Gabie Skusa-Krempec mit Detumo (vorn) und Patenkind Daniel in der Schule in Brewerville. Beide sind Waisenkinder aus dem Diana-E.-Davies-Waisenhaus. (Foto: Foto: privat)
 
Grundschüler vor der Schule in Brewerville. (Foto: Foto: privat)

Das „Projekt für Liberia“ hat ein aufregendes Jahr hinter sich – Neues Fahrzeug für Schule auf dem Weg – Waisenhaus braucht neues Dach.

Von Martina Jurk, 19.01.2014

Braunschweig. Ohne Fahrzeug sind Schüler, Lehrer und Mitarbeiter der Diana-E.-Davies-Schulen im liberianischen Brewerville und Monrovia Duala aufgeschmissen. Mit größter Kraftanstrengung organisierte jetzt das „Projekt für Liberia“ in Braunschweig den Transport eines Pick-ups nach Afrika.

„Wir haben ein heftiges Jahr hinter uns – anstrengend und kostenintensiv“, sagt Projektleiterin Gabie Skusa-Krempec. Die 2010 gebaute Schule in dem ländlichen Gebiet Brewerville, an die ein Waisenhaus und eine Ambulanz angeschlossen sind, hatte zunächst keinen Strom. Dank der Hilfe von „Ingenieure ohne Grenzen“ (eine bundesweite Organisation, die Hilfsprojekte unterstützt) erhielt die Schule eine Fotovoltaik-Anlage.

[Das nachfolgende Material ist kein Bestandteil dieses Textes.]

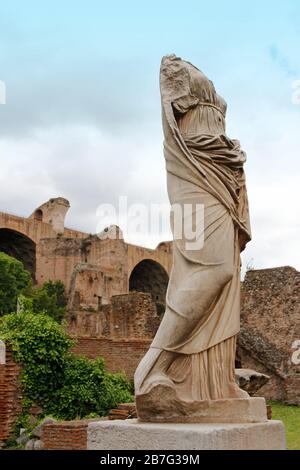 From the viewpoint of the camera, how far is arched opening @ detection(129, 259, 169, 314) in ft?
202

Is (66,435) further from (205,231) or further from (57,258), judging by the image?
(57,258)

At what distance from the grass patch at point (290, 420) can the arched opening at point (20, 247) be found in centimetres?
4153

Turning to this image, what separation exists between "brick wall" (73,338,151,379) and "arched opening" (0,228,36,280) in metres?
39.1

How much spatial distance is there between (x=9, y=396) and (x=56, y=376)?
3.60 feet

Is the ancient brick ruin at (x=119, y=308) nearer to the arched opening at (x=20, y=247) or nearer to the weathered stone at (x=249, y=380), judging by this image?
the arched opening at (x=20, y=247)

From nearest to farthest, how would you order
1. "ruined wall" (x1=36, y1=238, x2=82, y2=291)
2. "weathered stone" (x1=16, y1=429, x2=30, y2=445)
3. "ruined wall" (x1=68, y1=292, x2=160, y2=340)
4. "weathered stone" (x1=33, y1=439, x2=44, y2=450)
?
"weathered stone" (x1=33, y1=439, x2=44, y2=450), "weathered stone" (x1=16, y1=429, x2=30, y2=445), "ruined wall" (x1=68, y1=292, x2=160, y2=340), "ruined wall" (x1=36, y1=238, x2=82, y2=291)

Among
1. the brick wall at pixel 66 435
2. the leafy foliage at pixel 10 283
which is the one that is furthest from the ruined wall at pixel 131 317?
the leafy foliage at pixel 10 283

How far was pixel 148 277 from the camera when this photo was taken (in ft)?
206

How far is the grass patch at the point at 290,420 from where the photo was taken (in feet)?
32.6

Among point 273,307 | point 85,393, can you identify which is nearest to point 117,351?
point 85,393

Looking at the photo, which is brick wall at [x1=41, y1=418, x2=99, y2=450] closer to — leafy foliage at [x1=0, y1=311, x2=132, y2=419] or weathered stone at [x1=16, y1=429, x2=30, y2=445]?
weathered stone at [x1=16, y1=429, x2=30, y2=445]

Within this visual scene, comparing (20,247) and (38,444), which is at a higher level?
(20,247)

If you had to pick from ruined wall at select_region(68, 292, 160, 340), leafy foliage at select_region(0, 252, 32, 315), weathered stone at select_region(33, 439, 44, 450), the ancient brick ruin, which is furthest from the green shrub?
leafy foliage at select_region(0, 252, 32, 315)

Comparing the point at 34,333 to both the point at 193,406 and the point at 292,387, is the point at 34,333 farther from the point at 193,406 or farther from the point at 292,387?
the point at 193,406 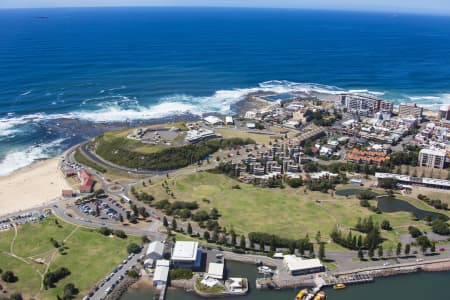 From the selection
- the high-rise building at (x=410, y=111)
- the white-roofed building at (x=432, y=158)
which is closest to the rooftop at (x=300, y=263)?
the white-roofed building at (x=432, y=158)

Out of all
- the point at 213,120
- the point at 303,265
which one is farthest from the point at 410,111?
the point at 303,265

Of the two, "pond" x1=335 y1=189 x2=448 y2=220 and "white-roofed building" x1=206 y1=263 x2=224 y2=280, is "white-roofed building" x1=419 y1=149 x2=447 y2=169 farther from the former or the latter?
"white-roofed building" x1=206 y1=263 x2=224 y2=280

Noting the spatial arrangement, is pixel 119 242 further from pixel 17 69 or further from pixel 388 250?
pixel 17 69

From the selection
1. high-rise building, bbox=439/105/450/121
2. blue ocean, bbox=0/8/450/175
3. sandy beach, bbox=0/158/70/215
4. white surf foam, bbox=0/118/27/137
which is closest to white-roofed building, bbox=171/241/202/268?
sandy beach, bbox=0/158/70/215

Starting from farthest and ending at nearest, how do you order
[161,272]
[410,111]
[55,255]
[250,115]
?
[250,115] < [410,111] < [55,255] < [161,272]

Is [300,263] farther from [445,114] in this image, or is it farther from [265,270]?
[445,114]

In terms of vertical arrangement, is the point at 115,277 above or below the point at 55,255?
below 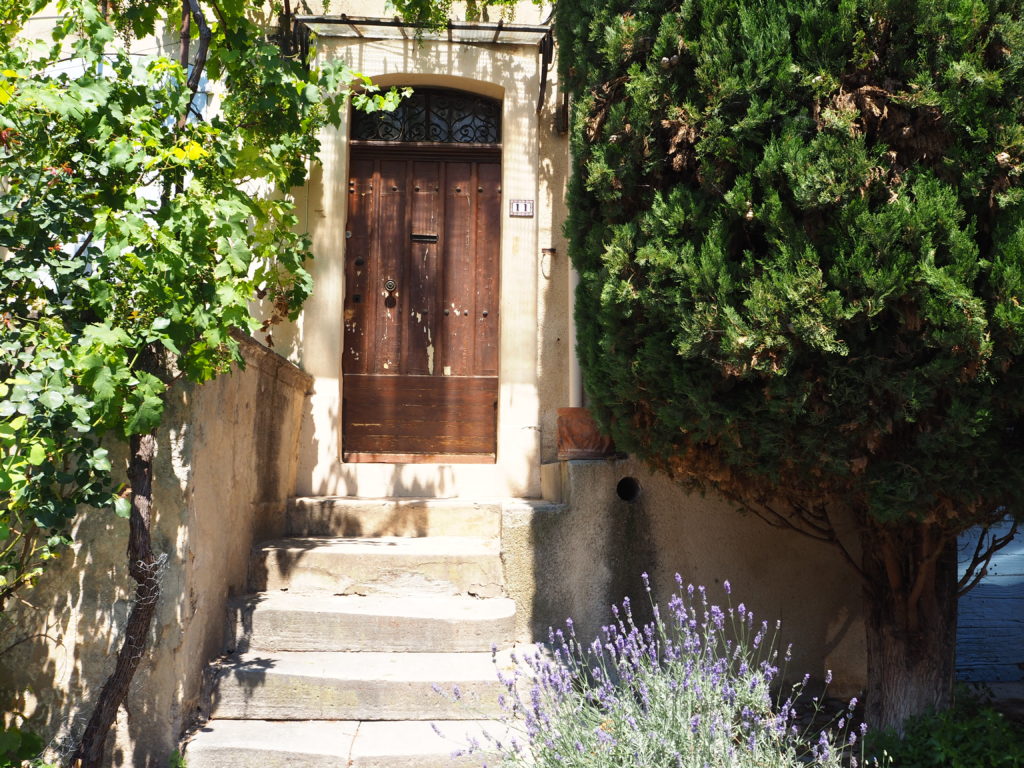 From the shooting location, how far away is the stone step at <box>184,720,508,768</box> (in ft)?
10.7

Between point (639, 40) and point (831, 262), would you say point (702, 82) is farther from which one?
point (831, 262)

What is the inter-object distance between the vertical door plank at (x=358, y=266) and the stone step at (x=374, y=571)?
1.65 metres

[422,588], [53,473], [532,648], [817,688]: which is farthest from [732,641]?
[53,473]

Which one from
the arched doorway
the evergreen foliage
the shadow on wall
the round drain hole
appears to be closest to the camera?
the evergreen foliage

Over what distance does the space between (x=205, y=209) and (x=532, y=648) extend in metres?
2.49

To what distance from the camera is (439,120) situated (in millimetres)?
5867

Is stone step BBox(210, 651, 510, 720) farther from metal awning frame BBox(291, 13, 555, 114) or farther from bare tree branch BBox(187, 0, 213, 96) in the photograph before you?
metal awning frame BBox(291, 13, 555, 114)

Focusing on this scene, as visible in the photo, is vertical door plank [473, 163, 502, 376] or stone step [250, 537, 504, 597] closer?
stone step [250, 537, 504, 597]

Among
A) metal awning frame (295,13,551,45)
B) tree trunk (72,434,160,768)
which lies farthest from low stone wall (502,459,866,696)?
metal awning frame (295,13,551,45)

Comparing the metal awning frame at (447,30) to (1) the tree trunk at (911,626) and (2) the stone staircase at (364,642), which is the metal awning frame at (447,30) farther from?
(1) the tree trunk at (911,626)

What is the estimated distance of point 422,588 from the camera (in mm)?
4316

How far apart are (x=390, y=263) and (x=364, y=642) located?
8.81 ft

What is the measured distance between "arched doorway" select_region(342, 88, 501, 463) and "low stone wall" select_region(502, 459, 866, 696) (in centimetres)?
146

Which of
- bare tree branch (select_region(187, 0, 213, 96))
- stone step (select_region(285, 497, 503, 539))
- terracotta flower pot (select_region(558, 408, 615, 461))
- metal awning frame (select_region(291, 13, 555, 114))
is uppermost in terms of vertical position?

Im Februar vergangenen Jahres wurde vom „Projekt für Liberia“ der Transport organisiert. „Es ist in dem Land äußerst schwierig, einen Überseecontainer auszuzollen. Fünf Ingenieure waren vor Ort, um die Fotovoltaik-Anlage zu installieren. Aber der Container kam einfach nicht aus dem Hafen“, erzählt die engagierte Projektleiterin.
In dem Container habe sich auch die Ausstattung für ein Computerlabor, das wichtig für den Unterricht ist, befunden. Kurz vor dem Rückflugtermin der Ingenieure sei der Container dann doch angekommen. „Die Zeit war knapp, aber sie haben es geschafft“, freut sich Gabie Skusa-Krempec. Mit dem Solarstrom würden eine Akkuladestation und ein Internetcafé betrieben, um Geld zu erwirtschaften. Das entsprechende Know-how habe die Organisation „Manager ohne Grenzen“ zur Verfügung gestellt.

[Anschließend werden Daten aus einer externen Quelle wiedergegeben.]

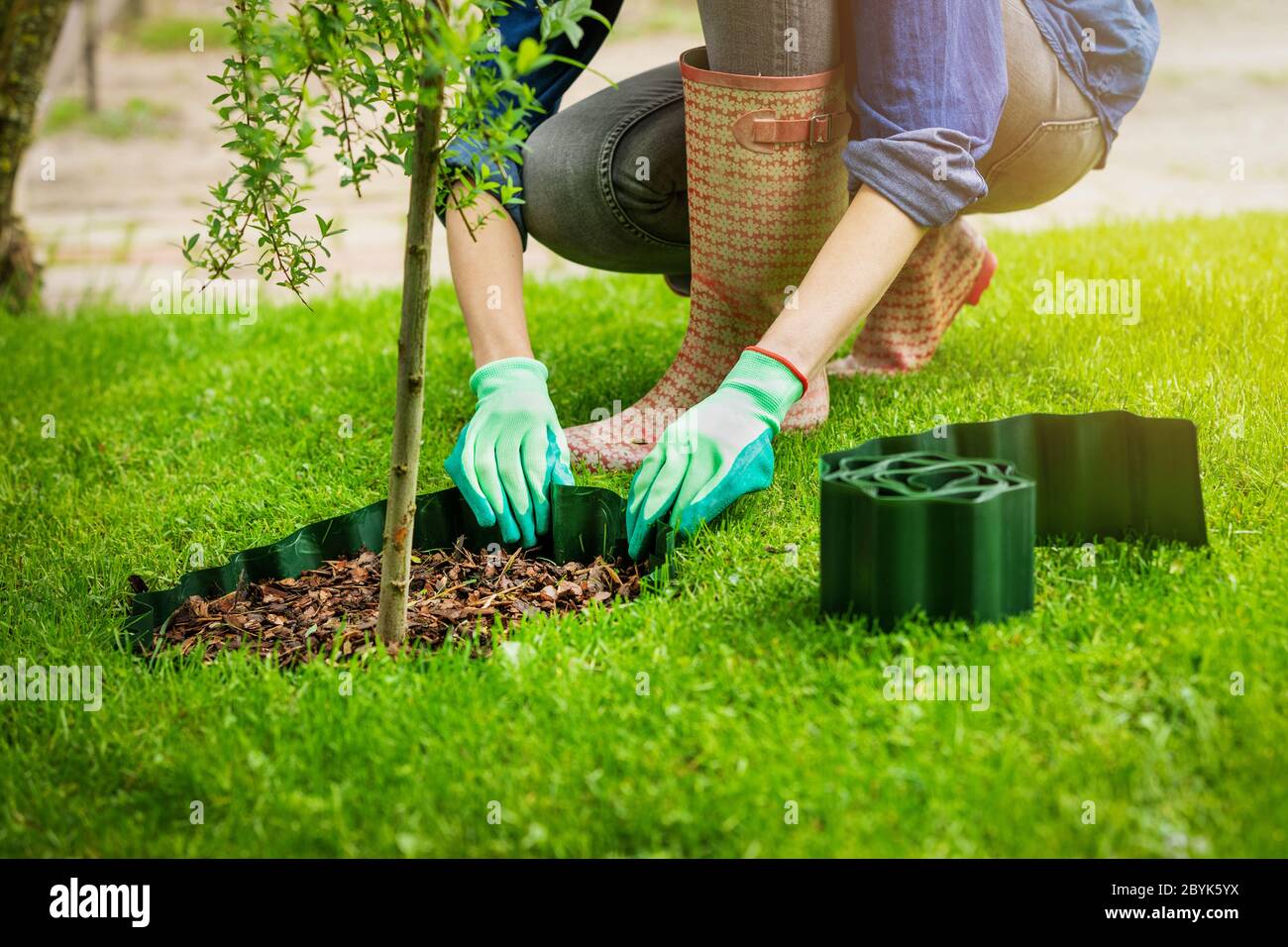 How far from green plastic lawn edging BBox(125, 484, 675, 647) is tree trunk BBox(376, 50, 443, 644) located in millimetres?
340

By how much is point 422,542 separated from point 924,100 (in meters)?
1.06

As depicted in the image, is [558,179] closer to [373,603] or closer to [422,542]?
[422,542]

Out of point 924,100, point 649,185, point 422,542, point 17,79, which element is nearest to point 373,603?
point 422,542

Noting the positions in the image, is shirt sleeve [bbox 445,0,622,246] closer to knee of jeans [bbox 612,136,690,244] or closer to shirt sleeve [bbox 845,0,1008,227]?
knee of jeans [bbox 612,136,690,244]

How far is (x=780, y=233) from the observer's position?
7.16 ft

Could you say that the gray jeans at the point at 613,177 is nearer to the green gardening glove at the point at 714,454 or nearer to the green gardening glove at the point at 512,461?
the green gardening glove at the point at 512,461

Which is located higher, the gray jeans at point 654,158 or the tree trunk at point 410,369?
the gray jeans at point 654,158

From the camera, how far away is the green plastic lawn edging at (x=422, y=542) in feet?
6.13

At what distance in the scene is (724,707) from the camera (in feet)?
4.88

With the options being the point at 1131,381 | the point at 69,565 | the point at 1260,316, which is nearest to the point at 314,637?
the point at 69,565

In der neuen Mensa erhalten die Kinder Schulspeisung und nun auch selbst gebackenes Brot. Mit Spendengeldern konnte an die Mensa eine traditionelle Bäckerei angebaut werden.

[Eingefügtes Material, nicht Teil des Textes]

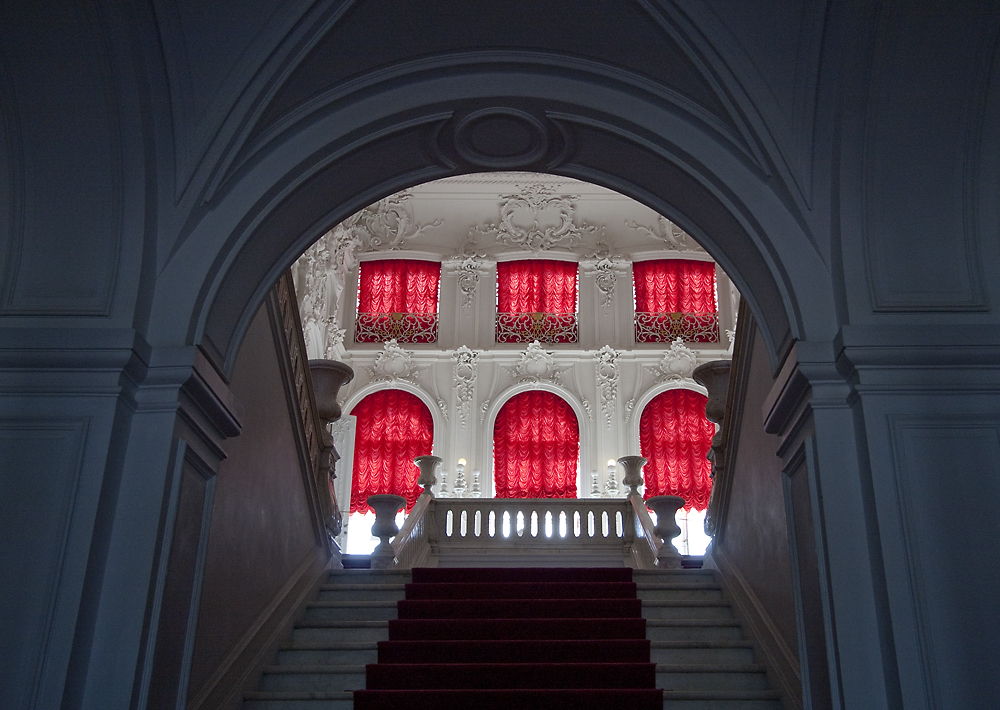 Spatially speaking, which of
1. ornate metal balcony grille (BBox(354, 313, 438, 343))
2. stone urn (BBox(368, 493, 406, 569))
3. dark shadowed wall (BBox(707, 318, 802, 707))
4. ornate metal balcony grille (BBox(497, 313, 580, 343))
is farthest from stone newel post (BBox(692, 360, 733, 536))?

Auch in der zweiten Diana-E.-Davies-Schule Monrovia Duala hat die moderne Technik Einzug gehalten – mit gebrauchten Computern der Stadt Braunschweig, die mit Lernsoftware ausgerüstet sind.
Ohne das persönliche Engagement der ehrenamtlichen Mitarbeiter und Helfer des „Projekts für Liberia“ wäre das alles nicht zustande gekommen. Zig Telefonate, die Aktivierung von Kontakten, die ständigen Verbindungen zu den Menschen in Liberia und vor allem das Einwerben von Spendengeldern und die Unterstützung von Sponsoren – ein Vollzeitjob. „Wir sind bis an unsere Grenzen gegangen“, gibt Gabie Skusa-Krempec zu. Vor allem finanziell. Spendengelder und Rücklagen seien aufgebraucht.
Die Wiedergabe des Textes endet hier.